Top of DATA PROVIDED

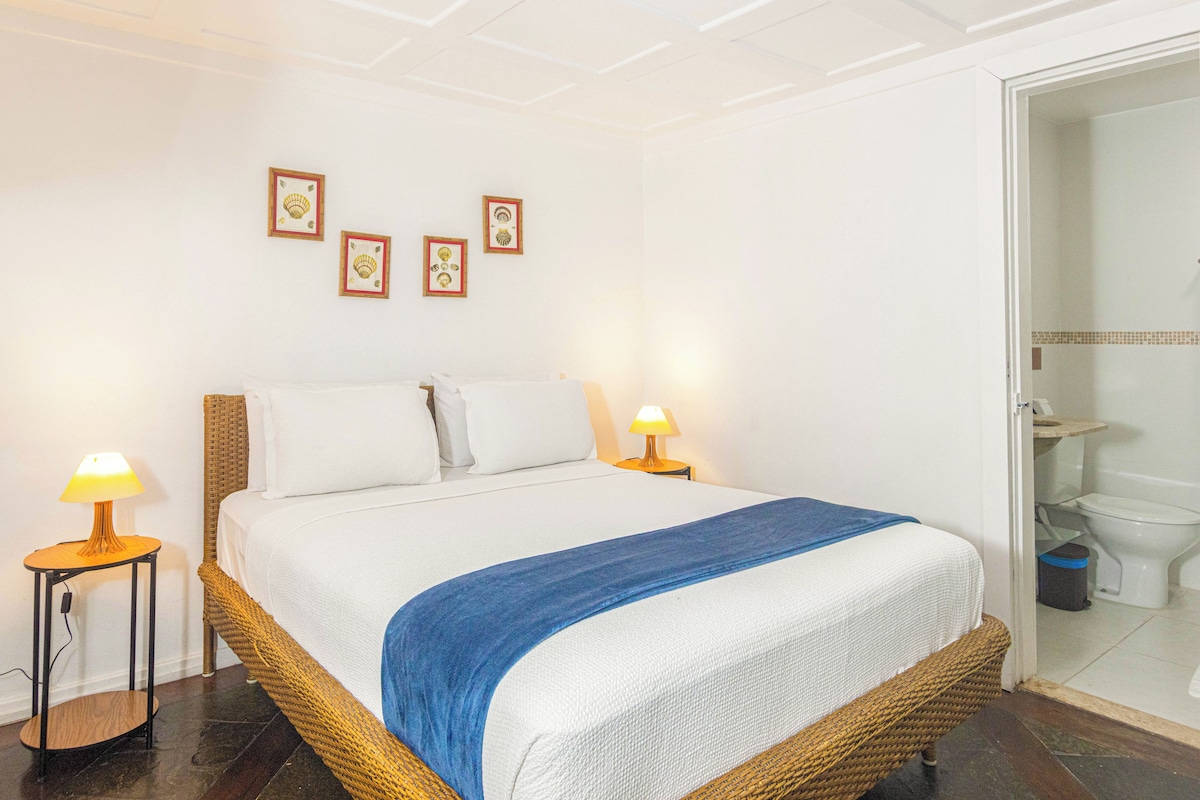 A hotel room with a bed, two bedside lamps, a blue throw blanket, and framed pictures on the wall.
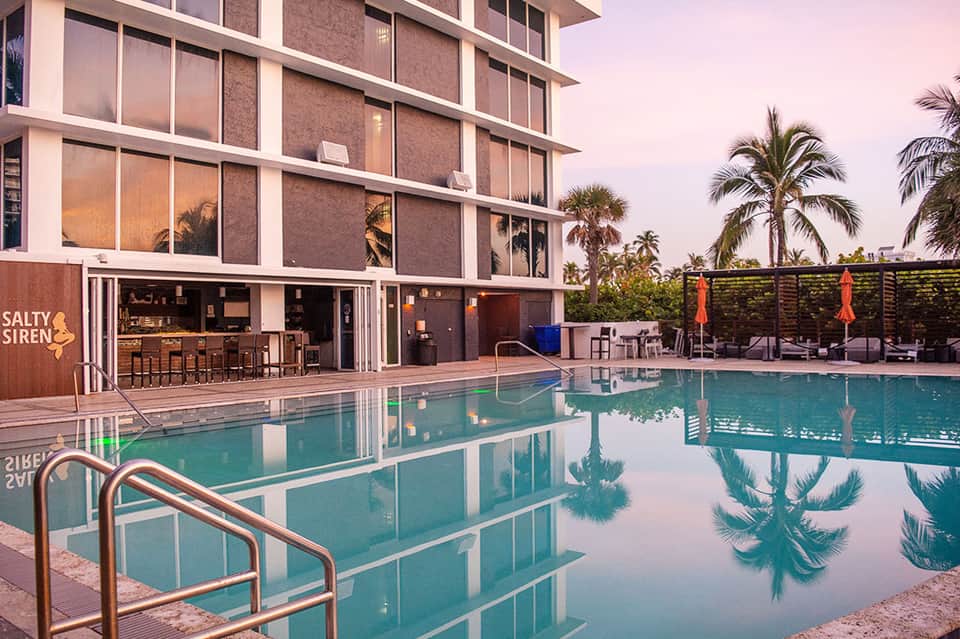 Contemporary resort pool at dusk with modern building and Salty Siren bar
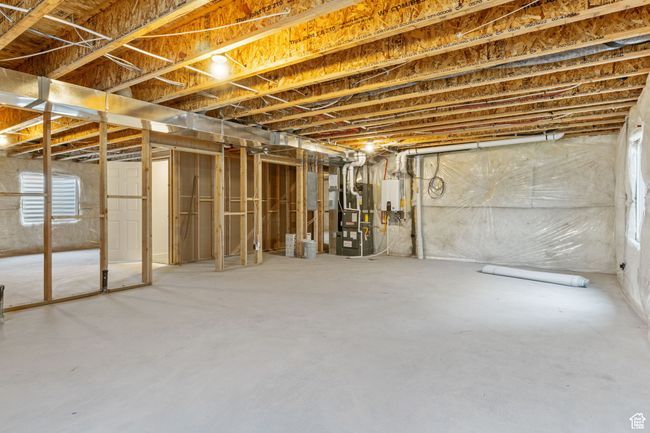 Below grade area featuring electric panel and heating unit | Image 11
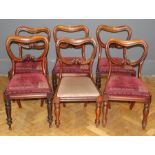 A set of six mid Victorian mahogany balloon back chairs raised on turned legs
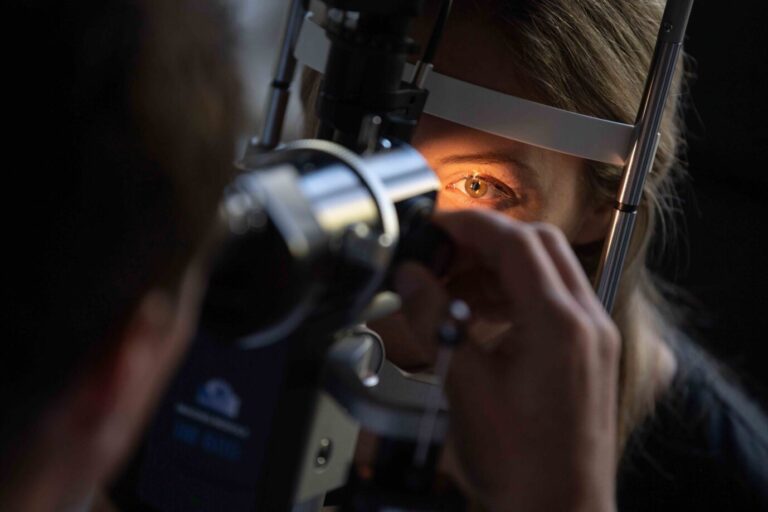 Ein Arzt untersucht das Auge einer Patientin nach einer Impfung.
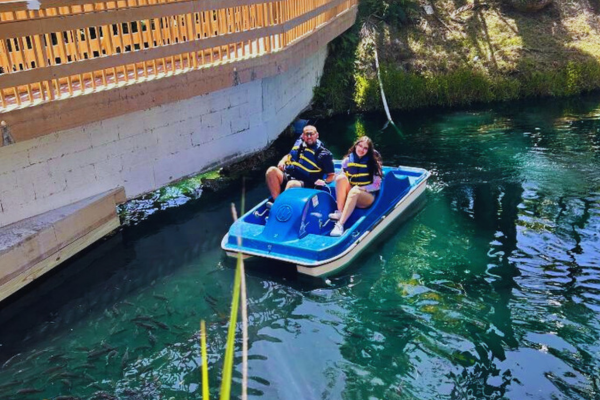 Image: A father and daughter enjoying a paddleboat ride at Pinto's Farm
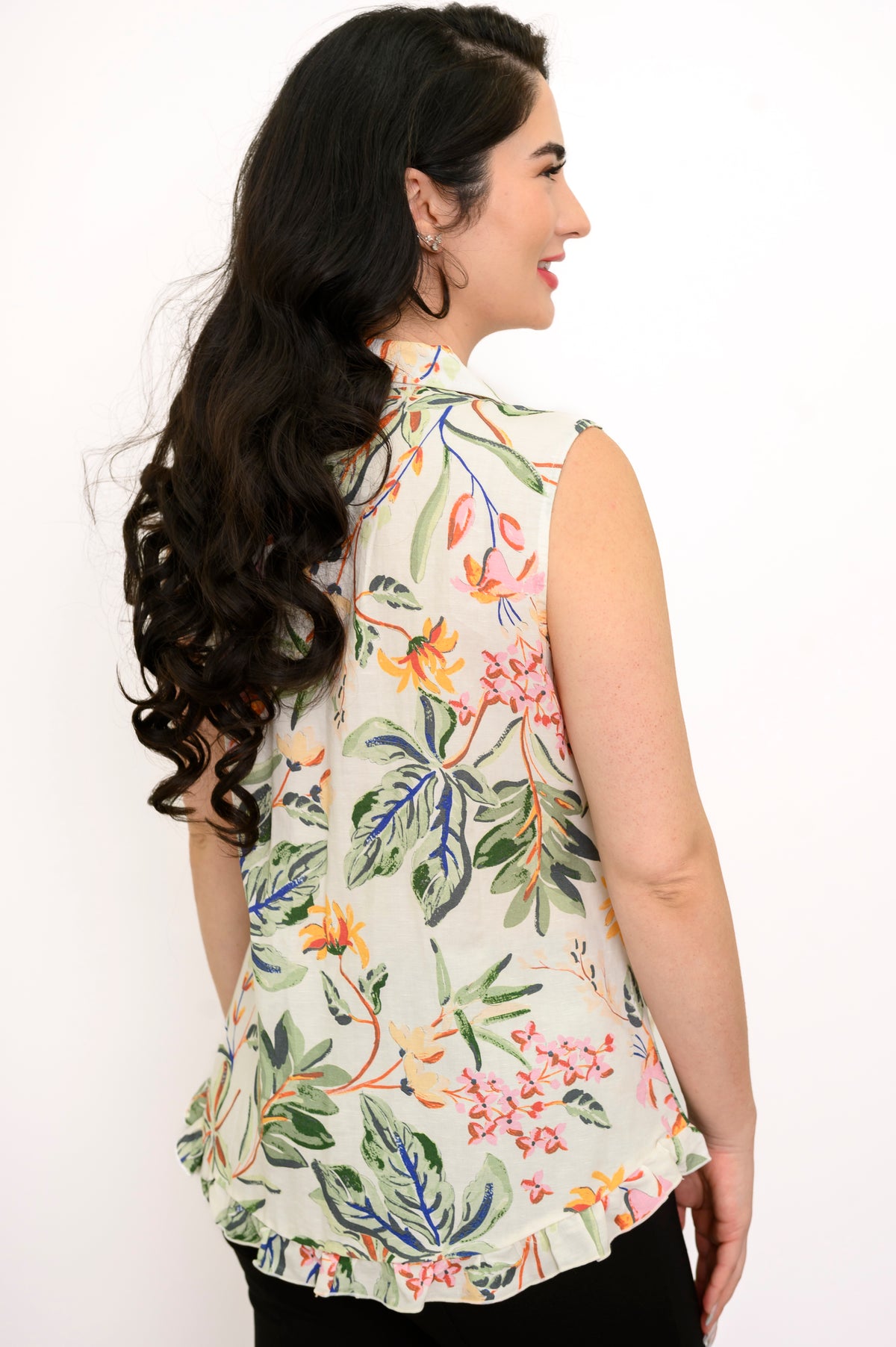 Back view woman wearing multicolor tropical print sleeveless top with green pants on a white background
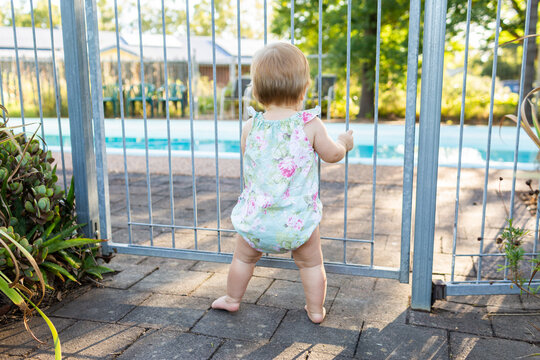 Young child standing at self closing pool gate safe behind fence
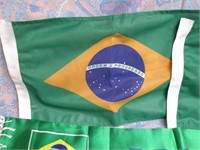 2 Brazilian flags and football scarves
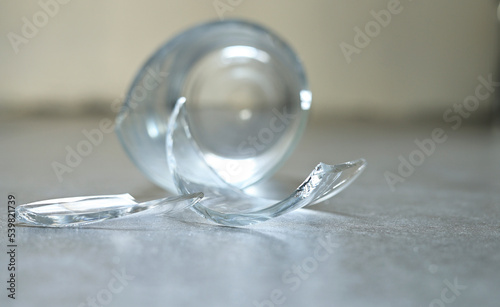Empty drinking glass falling on the gray tile floor and cracked to small shattered and sharp. Closeup broken beverage glass crash, accident in home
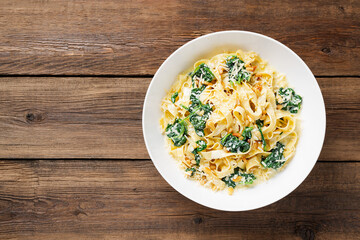 Pasta fettuccine with spinach in creamy cheese sauce on a wooden background.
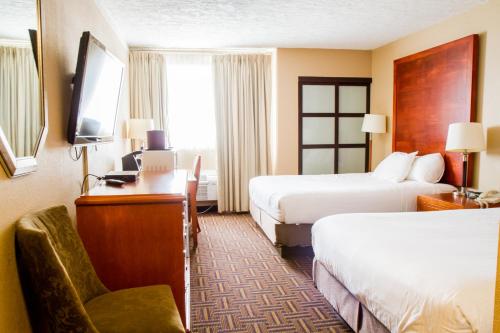 a hotel room with two beds and a desk at Wyndham Garden Medicine Hat Conference Center in Medicine Hat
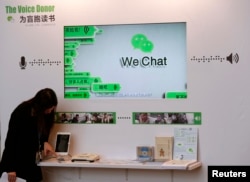 FILE - A counter promoting WeChat, a product of Tencent, on reading books for the blind, is displayed at a news conference announcing the company's results in Hong Kong, March 18, 2015.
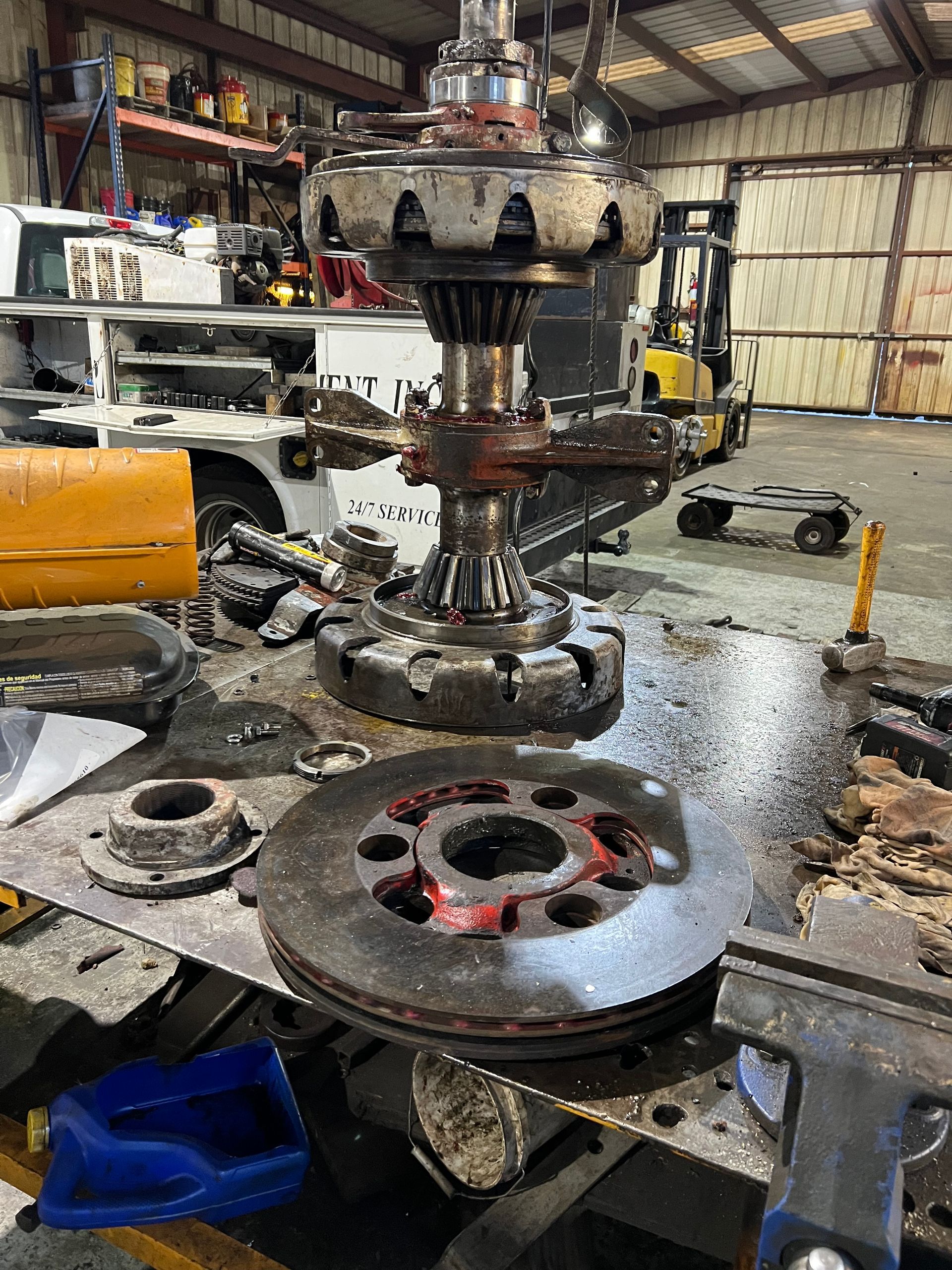 Machinery repair. Metal parts on a workbench inside a workshop, including gears, a brake rotor, and a large central mechanism.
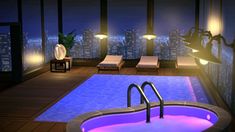 an indoor swimming pool with lounge chairs and city lights in the background at night time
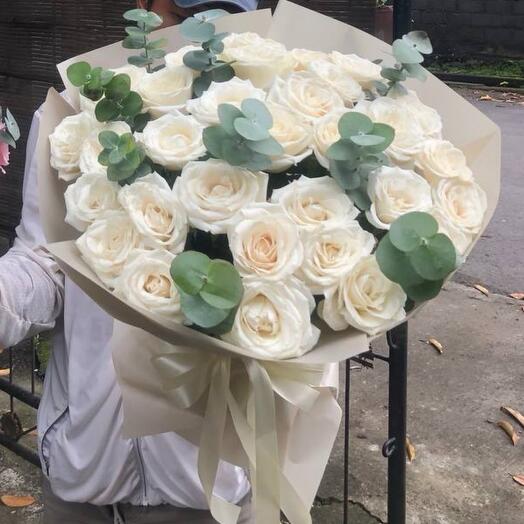 31 white roses with eucalyptus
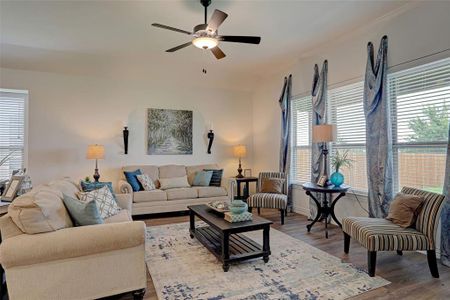 Living room with ceiling fan, ornamental molding, and hardwood / wood-style flooring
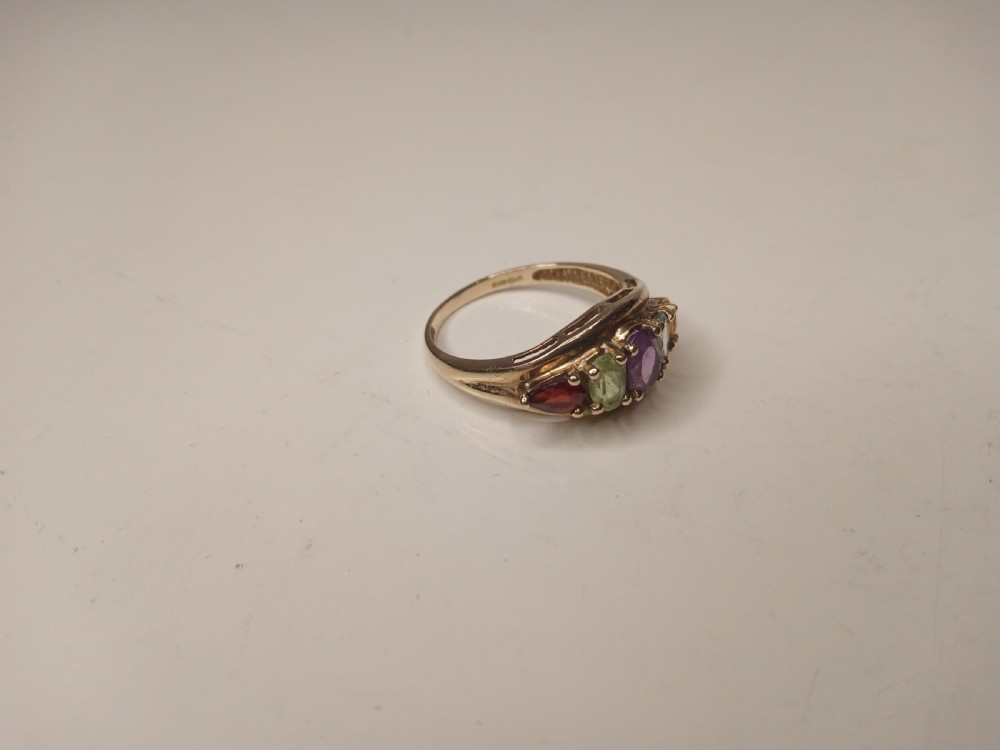 A nine-carat yellow gold ring featuring a horizontal row of five oval gemstones in varied colours within a boat-shaped mount. View IV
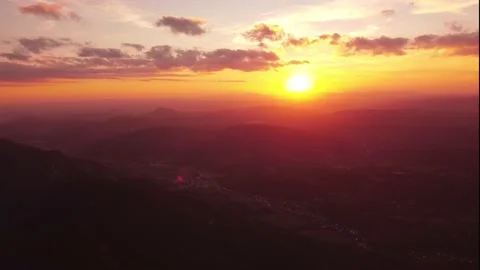 Epic aerial flight in the clouds at sunset. Golden hour, colorful clouds. 4K Stock-Footage 201166235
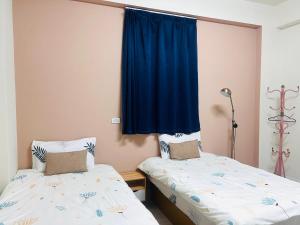 Giường trong phòng chung tại 聖甲虫空間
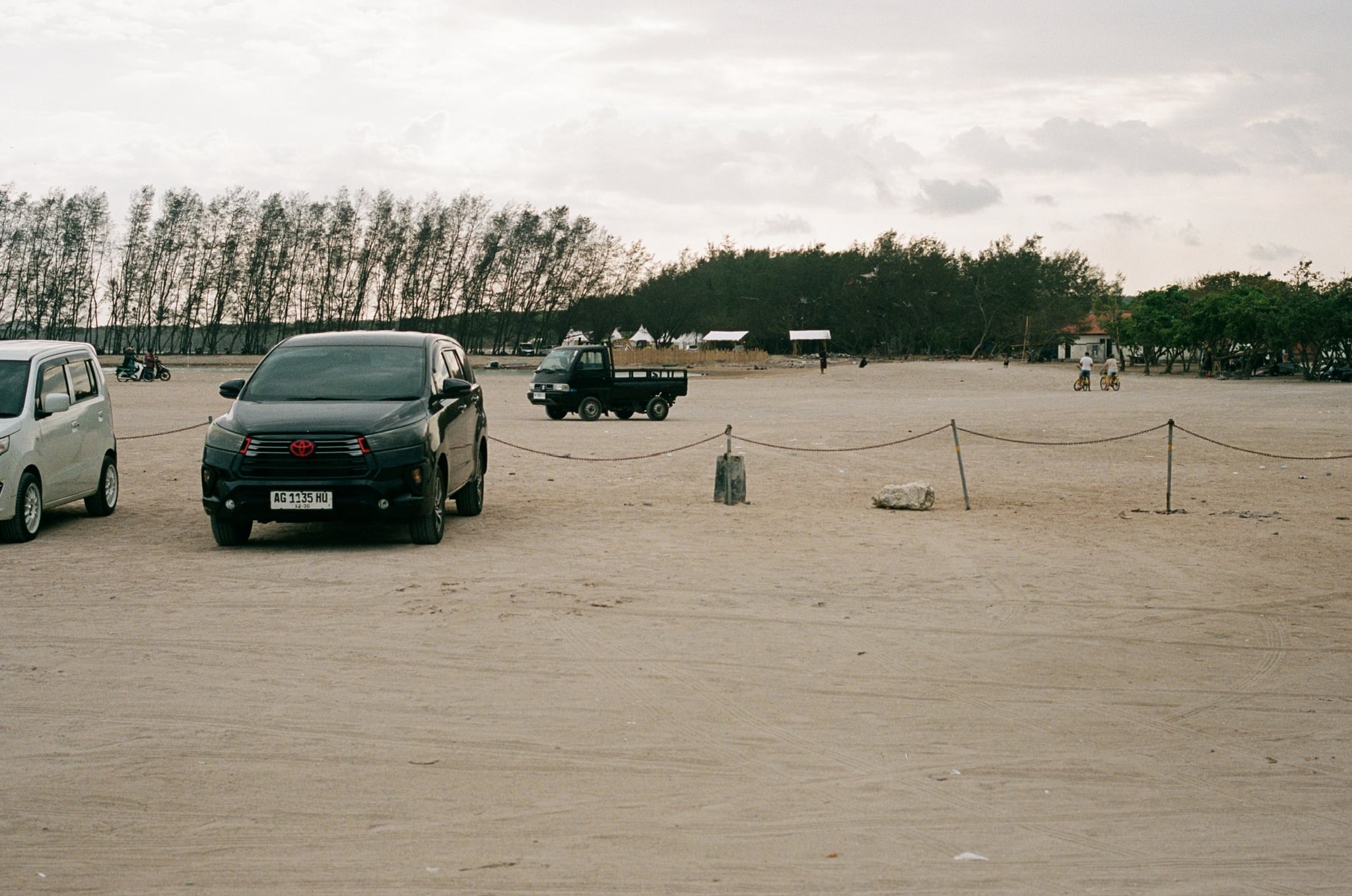Dark and pale vehicles cross a broad sandy lot bordered by trees.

Bottom of DATA PROVIDED

What you need to produce is an exact copy of the entries above, limited to the lines from the one with "Image: A father" up to and including the one with "a hotel room with two", without pictures.

## FINISHED TASK
 Image: A father and daughter enjoying a paddleboat ride at Pinto's Farm
 Back view woman wearing multicolor tropical print sleeveless top with green pants on a white background
 Young child standing at self closing pool gate safe behind fence
 2 Brazilian flags and football scarves
Empty drinking glass falling on the gray tile floor and cracked to small shattered and sharp. Closeup broken beverage glass crash, accident in home
 Pasta fettuccine with spinach in creamy cheese sauce on a wooden background.
 a hotel room with two beds and a desk at Wyndham Garden Medicine Hat Conference Center in Medicine Hat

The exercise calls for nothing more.